South Platte Protection Plan Proposed by Metropolitan Water Providers.
Water providers in metropolitan Denver convened several task forces to help formulate a plan for the South Platte River from Eleven Mile Reservoir downstream to the confluence with the North Fork. The proponents of the plan believe that it will protect the outstandingly remarkable values of the river as well as designation as a Wild and Scenic River.
After many months of work, the plan was finalized in March. At the time of writing, only the draft plan was available. If the U. S. Forest Service agrees that the plan provides substantial protection, it will do a supplemental Environmental Impact Statement, which will be circulated for public comment. After considering the values of Wild and Scenic designation and the water providers protection plan, the U. S. Forest Service will make a final recommendation. This process could take as long as two years.

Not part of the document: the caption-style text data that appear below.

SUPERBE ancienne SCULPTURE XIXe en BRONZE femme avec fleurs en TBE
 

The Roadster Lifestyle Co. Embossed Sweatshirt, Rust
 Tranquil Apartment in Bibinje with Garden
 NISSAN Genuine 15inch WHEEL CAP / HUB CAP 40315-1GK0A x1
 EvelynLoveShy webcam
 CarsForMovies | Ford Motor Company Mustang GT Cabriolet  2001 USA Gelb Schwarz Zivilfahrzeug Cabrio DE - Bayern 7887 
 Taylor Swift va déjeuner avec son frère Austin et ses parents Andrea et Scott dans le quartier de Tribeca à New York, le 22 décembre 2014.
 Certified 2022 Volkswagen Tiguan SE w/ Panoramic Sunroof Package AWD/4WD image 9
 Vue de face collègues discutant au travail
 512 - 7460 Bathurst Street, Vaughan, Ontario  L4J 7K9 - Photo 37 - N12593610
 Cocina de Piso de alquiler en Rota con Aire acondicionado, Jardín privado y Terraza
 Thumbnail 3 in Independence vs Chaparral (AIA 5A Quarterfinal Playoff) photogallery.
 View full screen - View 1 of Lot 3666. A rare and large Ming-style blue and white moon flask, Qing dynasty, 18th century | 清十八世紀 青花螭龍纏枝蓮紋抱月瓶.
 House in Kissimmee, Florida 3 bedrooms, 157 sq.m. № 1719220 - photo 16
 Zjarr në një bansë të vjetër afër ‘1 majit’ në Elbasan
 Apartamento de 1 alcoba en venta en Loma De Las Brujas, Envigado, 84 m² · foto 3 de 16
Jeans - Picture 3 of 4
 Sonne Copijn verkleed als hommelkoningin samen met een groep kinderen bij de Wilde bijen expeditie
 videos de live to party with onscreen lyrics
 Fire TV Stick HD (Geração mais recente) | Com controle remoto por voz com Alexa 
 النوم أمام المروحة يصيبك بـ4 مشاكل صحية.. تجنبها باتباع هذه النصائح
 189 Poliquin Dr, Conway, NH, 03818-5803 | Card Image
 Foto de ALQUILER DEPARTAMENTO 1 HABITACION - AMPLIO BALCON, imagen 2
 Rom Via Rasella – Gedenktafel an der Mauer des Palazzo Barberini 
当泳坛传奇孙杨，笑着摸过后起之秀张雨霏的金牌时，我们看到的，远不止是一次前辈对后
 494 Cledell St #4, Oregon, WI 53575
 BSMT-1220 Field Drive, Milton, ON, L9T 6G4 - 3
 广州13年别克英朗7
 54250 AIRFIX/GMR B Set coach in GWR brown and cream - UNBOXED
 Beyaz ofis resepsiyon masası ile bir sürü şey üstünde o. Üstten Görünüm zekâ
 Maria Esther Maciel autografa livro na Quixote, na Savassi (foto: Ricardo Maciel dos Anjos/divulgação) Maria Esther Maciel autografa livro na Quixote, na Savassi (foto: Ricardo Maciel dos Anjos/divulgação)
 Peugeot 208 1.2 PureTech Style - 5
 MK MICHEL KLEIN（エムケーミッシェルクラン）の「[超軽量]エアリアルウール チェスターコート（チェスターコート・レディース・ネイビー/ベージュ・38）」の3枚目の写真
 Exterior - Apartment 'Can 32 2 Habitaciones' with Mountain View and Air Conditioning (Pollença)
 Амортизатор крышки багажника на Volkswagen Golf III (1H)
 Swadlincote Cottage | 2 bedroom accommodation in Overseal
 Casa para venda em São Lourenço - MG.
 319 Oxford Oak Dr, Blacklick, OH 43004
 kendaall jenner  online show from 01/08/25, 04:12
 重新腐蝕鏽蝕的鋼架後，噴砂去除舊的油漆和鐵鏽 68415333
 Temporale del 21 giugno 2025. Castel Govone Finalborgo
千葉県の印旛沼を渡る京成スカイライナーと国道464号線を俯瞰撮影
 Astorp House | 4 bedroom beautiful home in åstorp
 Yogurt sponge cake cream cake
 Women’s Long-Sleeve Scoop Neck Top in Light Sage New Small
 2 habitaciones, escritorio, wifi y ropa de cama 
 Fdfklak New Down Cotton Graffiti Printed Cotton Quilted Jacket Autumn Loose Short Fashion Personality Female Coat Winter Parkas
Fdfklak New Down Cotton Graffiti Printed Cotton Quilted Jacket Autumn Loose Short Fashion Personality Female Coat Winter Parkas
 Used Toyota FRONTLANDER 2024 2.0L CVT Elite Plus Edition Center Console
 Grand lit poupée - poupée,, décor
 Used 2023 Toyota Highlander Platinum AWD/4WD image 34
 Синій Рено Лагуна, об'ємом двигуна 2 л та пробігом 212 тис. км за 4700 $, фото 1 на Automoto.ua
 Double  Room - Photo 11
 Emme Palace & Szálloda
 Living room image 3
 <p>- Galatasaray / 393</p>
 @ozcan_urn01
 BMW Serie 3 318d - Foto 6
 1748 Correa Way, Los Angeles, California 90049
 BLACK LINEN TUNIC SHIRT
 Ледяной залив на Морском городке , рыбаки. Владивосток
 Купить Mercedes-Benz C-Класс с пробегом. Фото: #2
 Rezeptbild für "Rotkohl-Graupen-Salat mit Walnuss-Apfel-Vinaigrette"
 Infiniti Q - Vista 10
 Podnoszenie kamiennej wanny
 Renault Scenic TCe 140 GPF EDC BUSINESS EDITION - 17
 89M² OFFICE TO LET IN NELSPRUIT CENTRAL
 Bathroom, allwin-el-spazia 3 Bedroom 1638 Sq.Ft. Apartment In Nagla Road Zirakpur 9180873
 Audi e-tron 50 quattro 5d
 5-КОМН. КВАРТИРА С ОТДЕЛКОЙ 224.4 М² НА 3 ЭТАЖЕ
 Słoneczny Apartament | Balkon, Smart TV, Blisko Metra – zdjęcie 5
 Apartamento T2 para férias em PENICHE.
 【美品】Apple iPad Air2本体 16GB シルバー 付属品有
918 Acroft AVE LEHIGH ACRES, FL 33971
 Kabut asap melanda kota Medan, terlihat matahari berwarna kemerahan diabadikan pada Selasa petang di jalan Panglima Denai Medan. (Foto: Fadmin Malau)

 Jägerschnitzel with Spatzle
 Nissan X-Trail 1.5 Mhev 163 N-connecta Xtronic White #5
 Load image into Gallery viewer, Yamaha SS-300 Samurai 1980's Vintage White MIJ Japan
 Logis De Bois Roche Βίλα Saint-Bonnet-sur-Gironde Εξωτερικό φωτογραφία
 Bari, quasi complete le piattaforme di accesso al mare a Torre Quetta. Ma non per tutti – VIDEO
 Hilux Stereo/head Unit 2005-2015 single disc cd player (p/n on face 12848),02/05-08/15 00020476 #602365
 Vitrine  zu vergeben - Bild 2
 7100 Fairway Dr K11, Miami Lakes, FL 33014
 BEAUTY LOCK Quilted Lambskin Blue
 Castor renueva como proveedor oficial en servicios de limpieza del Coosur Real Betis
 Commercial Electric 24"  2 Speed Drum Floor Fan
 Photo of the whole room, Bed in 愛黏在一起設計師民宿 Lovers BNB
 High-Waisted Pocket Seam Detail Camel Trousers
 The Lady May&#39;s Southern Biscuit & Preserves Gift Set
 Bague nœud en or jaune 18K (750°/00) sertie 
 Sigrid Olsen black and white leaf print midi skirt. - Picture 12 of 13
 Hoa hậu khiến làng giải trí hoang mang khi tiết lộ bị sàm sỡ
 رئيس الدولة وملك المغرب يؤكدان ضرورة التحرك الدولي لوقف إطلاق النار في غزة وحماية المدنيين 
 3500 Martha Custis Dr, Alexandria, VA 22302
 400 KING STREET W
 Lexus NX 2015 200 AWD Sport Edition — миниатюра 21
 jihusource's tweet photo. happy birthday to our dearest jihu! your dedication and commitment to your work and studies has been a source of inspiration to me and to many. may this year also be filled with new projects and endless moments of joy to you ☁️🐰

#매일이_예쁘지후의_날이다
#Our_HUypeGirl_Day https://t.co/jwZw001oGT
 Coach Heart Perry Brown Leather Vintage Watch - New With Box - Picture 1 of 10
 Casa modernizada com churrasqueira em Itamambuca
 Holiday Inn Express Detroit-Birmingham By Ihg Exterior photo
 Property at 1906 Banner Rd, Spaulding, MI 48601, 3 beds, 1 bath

Some features of the River Protection Plan include:
Proposed management as a State Park from Eleven Mile to Chatfield
A non-profit organization with an endowment fund initiated with $1,000,000 from the water providers
Using interest from the endowment to fund project, but not maintenance
A regime of minimum water flows and ramping (gradually raising or lowering the releases from reservoirs) to protect fisheries
Anticipated increase in recreation activities including developed campgrounds, fisherman's access and boating in the mainstem and North Fork.
Denver Water Board would give up conditional water rights and agree not to build any dams in some sections.
Mt. Evans Sierra and South Platte Groups currently still support Wild and Scenic designation because the draft protection plan does not appear to give the same level of protection as designation would. Colorado Environmental Coalition and Upper Arkansas and South Platte Project have serious reservations about the level of protection.
Some of the issues raised about the water providers plan include:
Inadequate enforcement mechanisms to see that the agreement is carried out
Perception that many of the commitments of Denver Water do not apply to other metropolitan water providers.
No details on how the area would be managed under State Parks.
Emphasis on recreation as opposed to habitat protection.
Possible dam construction on segments other than at Two Forks or on tributaries.
We have time to consider our response to this plan. When the final text is
available, a serious analysis will no doubt reveal a long list of pros and cons, and help
us make comments to the Forest Service.